> **PROBLEM REQUIREMENTS**: Set down each entry exactly as given; pictures should not appear in the copy.

> **INFORMATION GIVEN**:
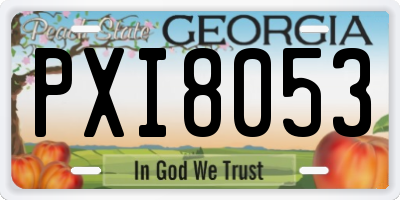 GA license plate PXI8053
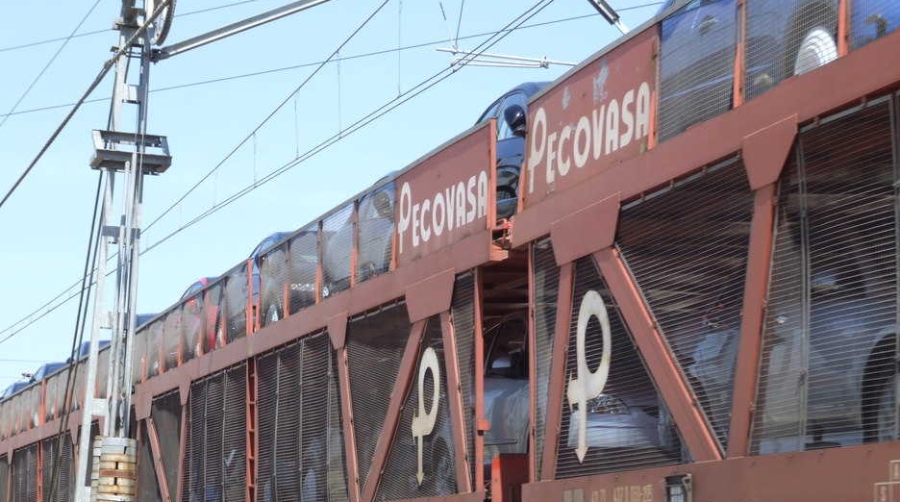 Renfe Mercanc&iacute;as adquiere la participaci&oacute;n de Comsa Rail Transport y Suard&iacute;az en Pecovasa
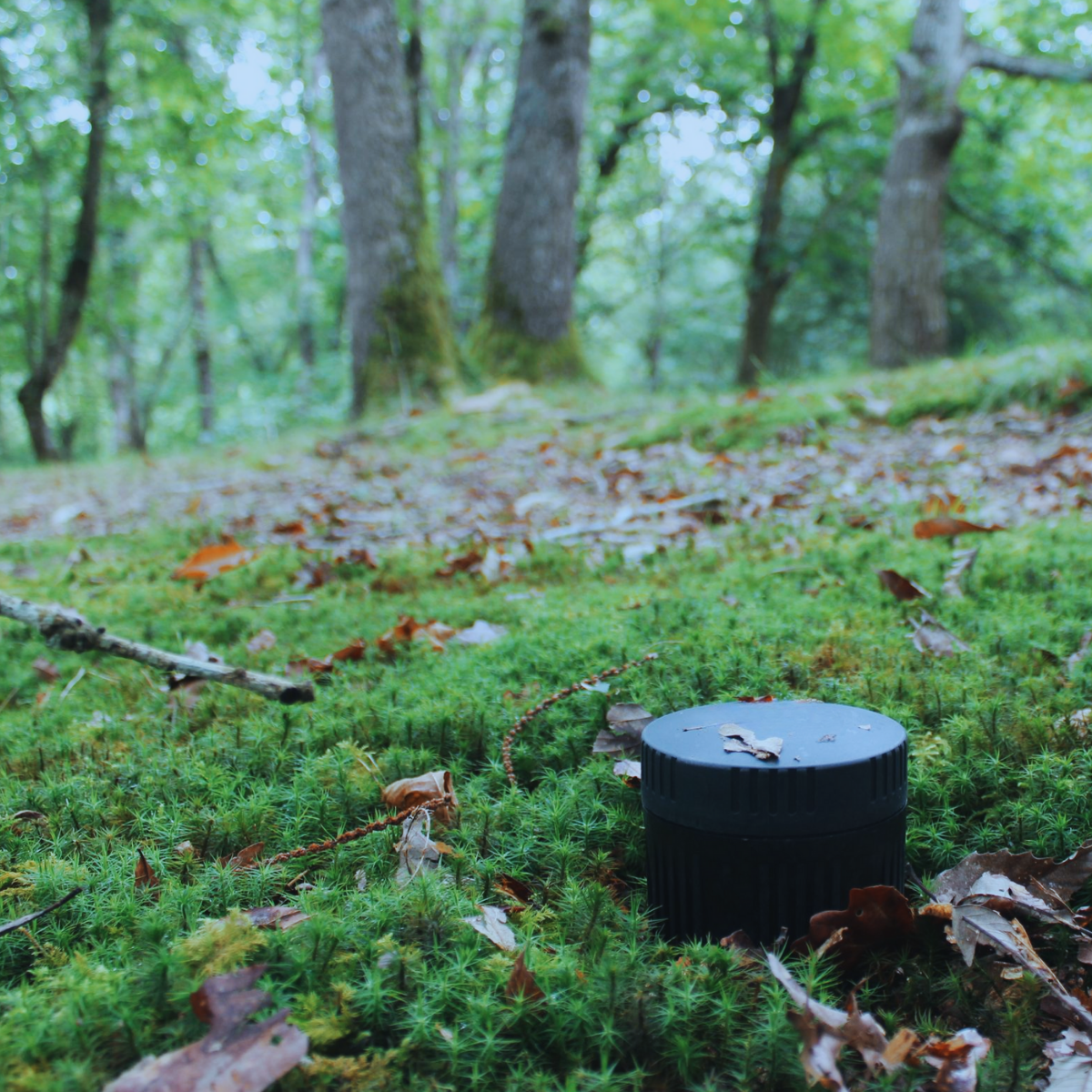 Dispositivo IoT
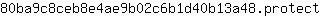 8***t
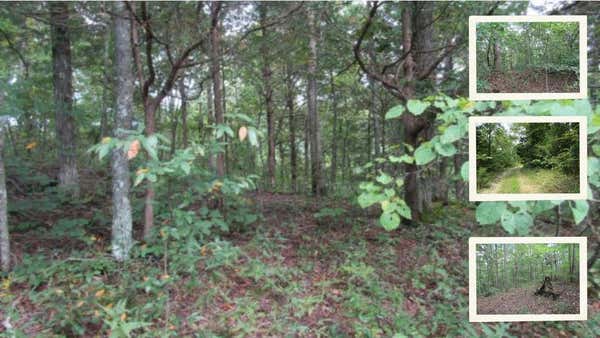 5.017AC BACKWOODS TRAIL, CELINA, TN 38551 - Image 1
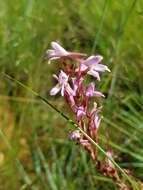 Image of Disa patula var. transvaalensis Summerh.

> **EXERCISE ANSWER**:
 GA license plate PXI8053
 Renfe Mercanc&iacute;as adquiere la participaci&oacute;n de Comsa Rail Transport y Suard&iacute;az en Pecovasa
 Dispositivo IoT
 8***t
 5.017AC BACKWOODS TRAIL, CELINA, TN 38551 - Image 1
 Image of Disa patula var. transvaalensis Summerh.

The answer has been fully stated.